A violência sofrida pelos imigrantes procedentes de países da América Central que atravessam o México está se transformando, segundo o espanhol Edu Ponces e o salvadorenho Óscar Martínez, em "uma grave crise humanitária" que contribui para o surgimento de novos grupos do crime organizado.
De setembro de 2008 a outubro de 2009, Ponces, fotógrafo, e Martínez, jornalista, junto com os espanhóis Toni Arnau e Eduardo Soleira, seguiram os passos de vários desses imigrantes ilegais "que viajam geralmente como clandestinos em trens de carga, conhecidos como 'a besta'".
"São uma espécie de imigrantes de terceira, que transitam cerca de 5 mil quilômetros dentro do México fazendo uma média de oito baldeações até chegar à fronteira de destino", explicaram em entrevista à agência EFE em Madri.
As situações extremas que compartilharam e as humilhações, estupros e assassinatos relatados pelos imigrantes deram lugar a "En el camino", um projeto que reúne 123 imagens, o livro de crônicas "Los migrantes que no importan" (Os imigrantes que não importam) e o documentário "María en tierra de nadie" (Maria em terra de ninguém).

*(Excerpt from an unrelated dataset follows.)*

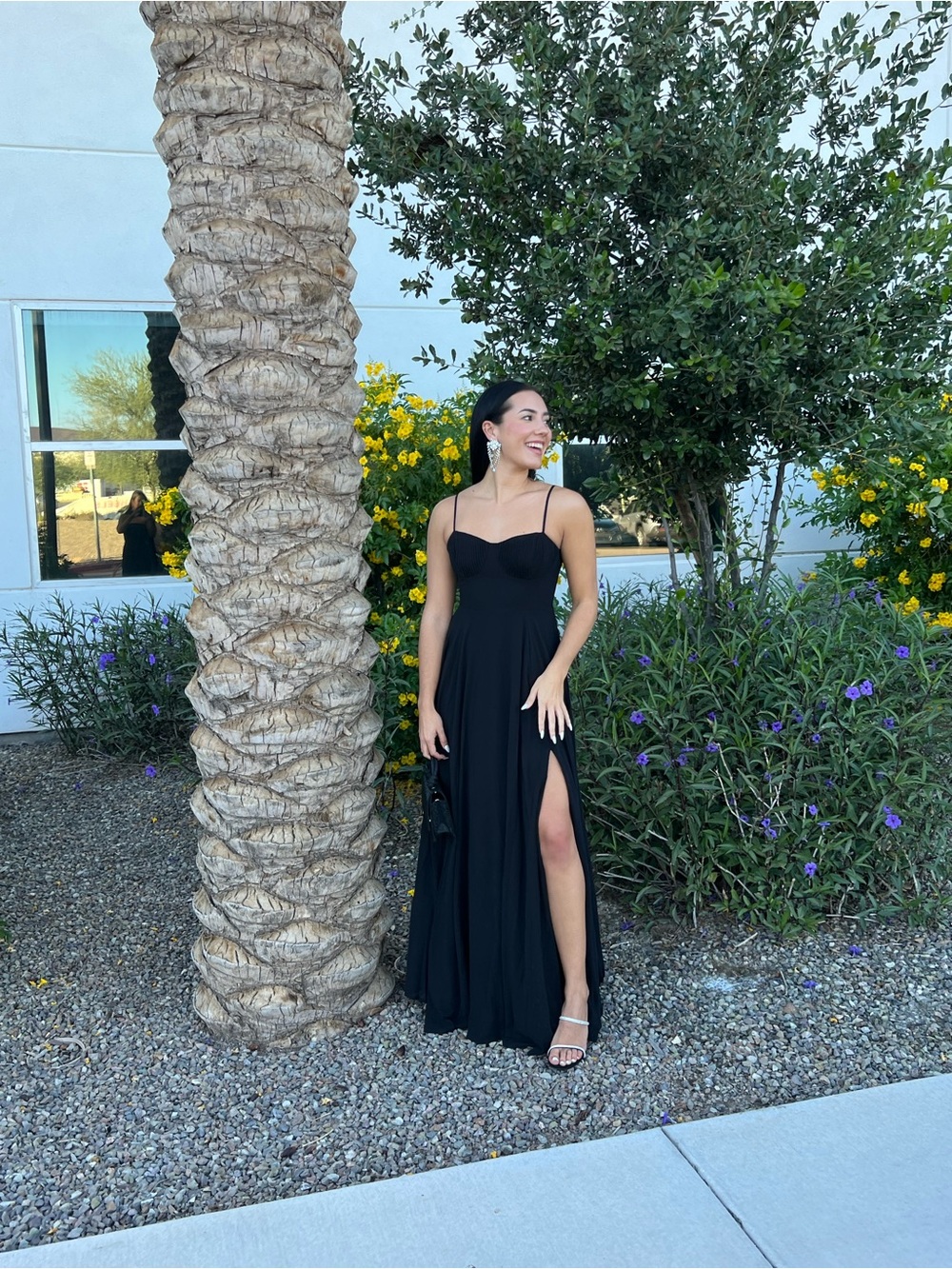 Lulu's Black Spaghetti-Strap Prom Gown with High Slit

Segundo dados do Instituto Nacional de Imigração mexicano, 96% dos imigrantes ilegais que transitam pelo México rumo aos EUA procedem da Nicarágua, Honduras, El Salvador e Guatemala.

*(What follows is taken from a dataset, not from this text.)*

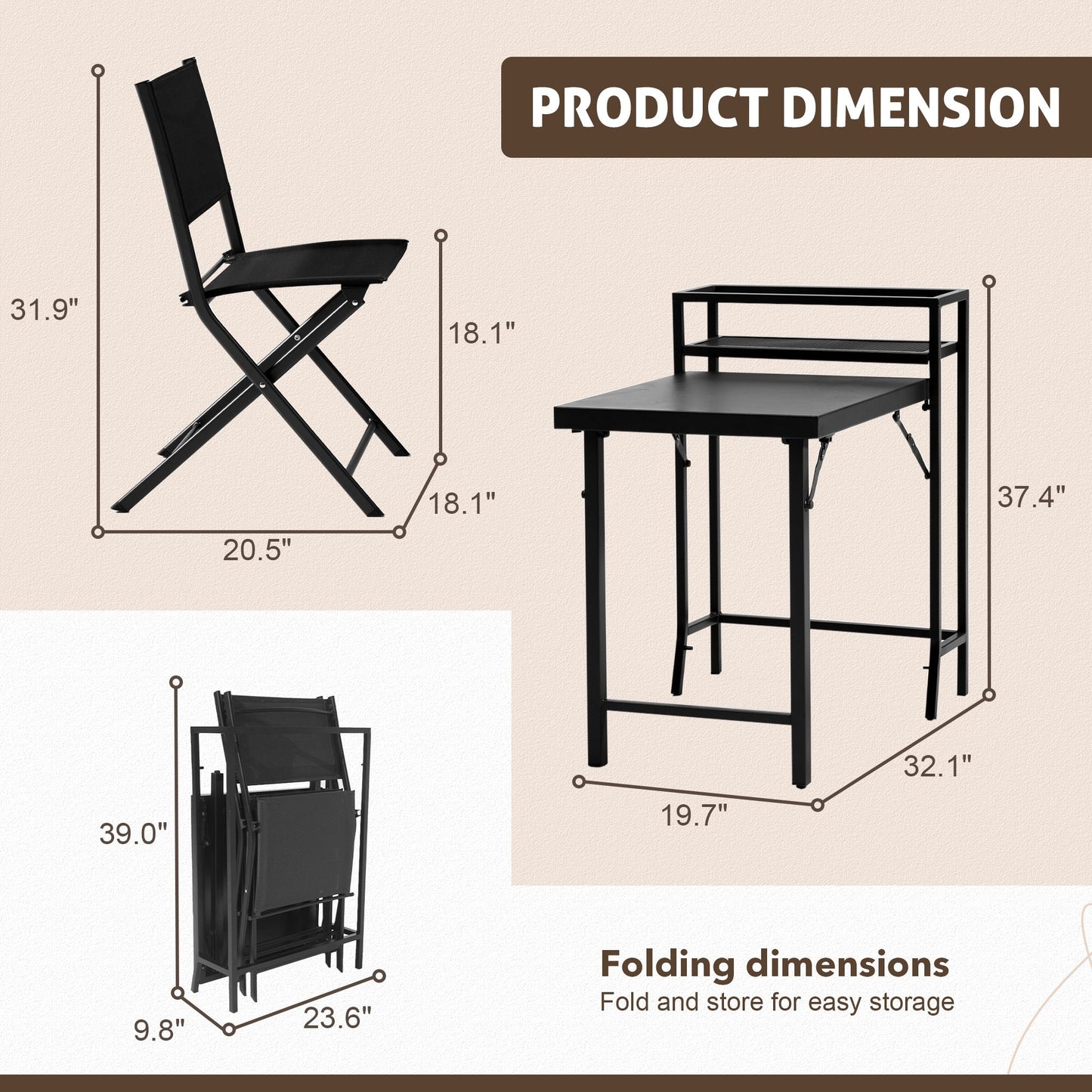 3PCS Patio Bistro Set, Patio Set of Foldable Patio Table and Chairs,Outdoor Patio Furniture Sets,Black image 7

"É nesse percurso que eles sofrem as piores humilhações e violações dos direitos humanos, mais do que na fronteira dos EUA, onde existe uma política de imigração dura, mas onde há um maior controle das autoridades", detalha Ponces.
A vulnerabilidade dos imigrantes começa logo após atravessarem a fronteira entre a Guatemala e o México. Segundo o fotógrafo, por serem imigrantes ilegais, essas pessoas ficam indefesas e ainda encontram autoridades públicas mexicanas com um nível de corrupção altíssimo, que as assaltam sistematicamente.

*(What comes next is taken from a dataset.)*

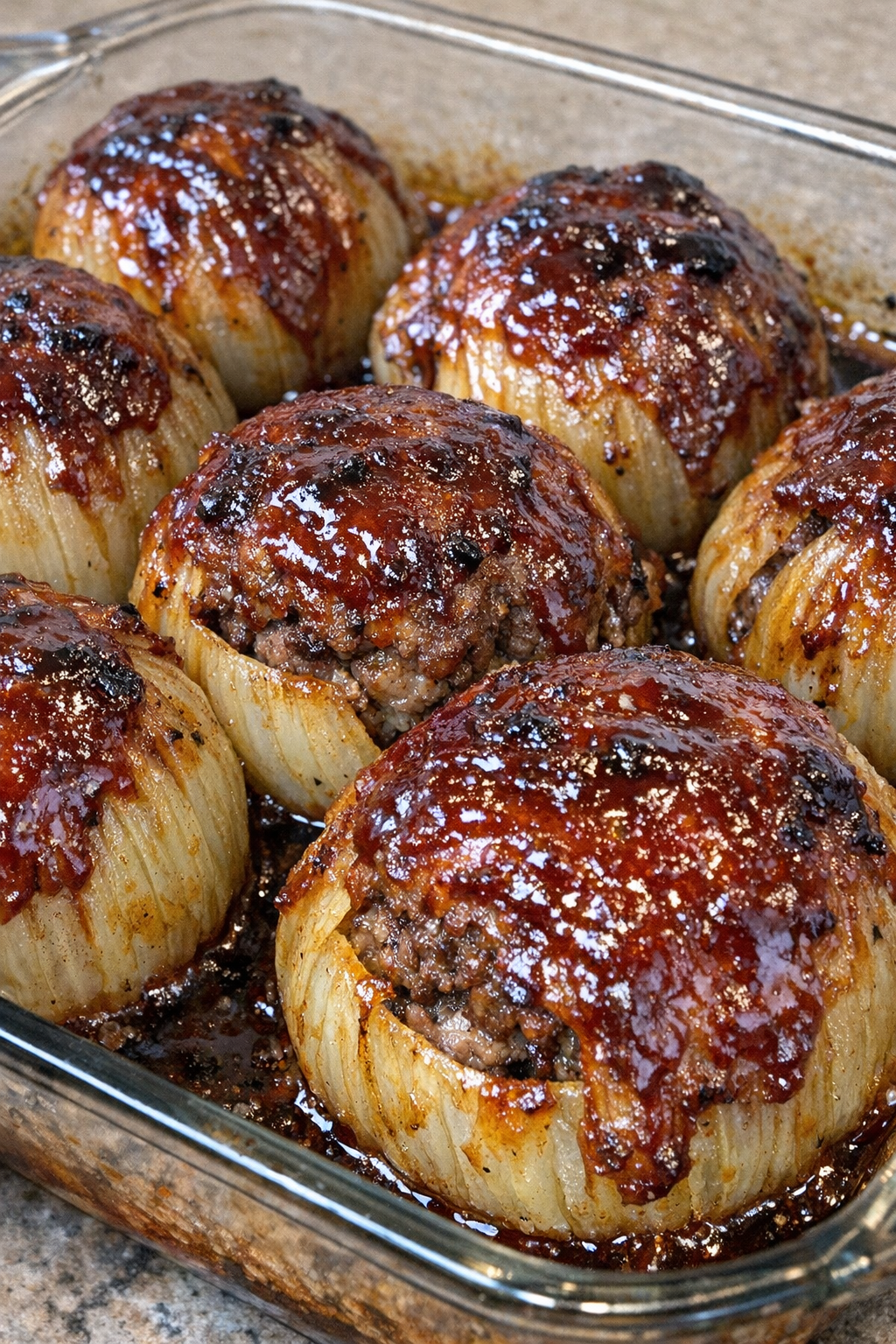 Oven baked beef onion bombs finished with barbecue glaze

"Não conheci um imigrante que não tenha sido assaltado nesse caminho por um policial ou até por soldados da zona de fronteira, e em todo o caso, eles sabem que nunca serão denunciados", acrescentou Ponces.
A região do Istmo de Tehuantepec, que compreende os estados de Chiapas, Tabasco e Oaxaca, e a conhecida como "La Arrocera", "ponto-chave de estupros e assaltos" são os lugares que os repórteres apontam como os de maior perigo.
No entanto, o que surpreendeu à dupla foi que, após superarem tudo isso, é a vez dos grupos do crime organizado, fundamentalmente o conhecido como "Los Zetas", encontrarem nos imigrantes um lucrativo negócio.
Os "Los Zetas", considerados os responsáveis pelo massacre de 72 imigrantes no estado de Tamaulipas em agosto passado, "têm sob seu controle toda a região atlântica mexicana", denunciam os repórteres.
"Eles cometem assaltos à luz do dia e sequestram de 50 a 100 imigrantes para pedir resgate aos seus familiares", revelou Ponces.
Segundo o fotógrafo, os criminosos exigem dos parentes dos sequestrados nos EUA o dinheiro que têm reservado para pagar aos "coiotes", as pessoas que ajudam o imigrante a atravessar a fronteira norte.
"O coiote cobra dos familiares US$ 2 mil. Se não podem pagar, um dos homens de "Los Zetas", conhecido como 'o açougueiro', encarrega-se de matá-los, cortá-los em pedaços, colocá-los em um barril e queimá-los", descreveu.
Por isso, ambos os repórteres frisam que a violência alcança os limites da "crise humanitária". "Estamos falando de milhares de sequestros e da passividade absoluta das altas estruturas do Estado".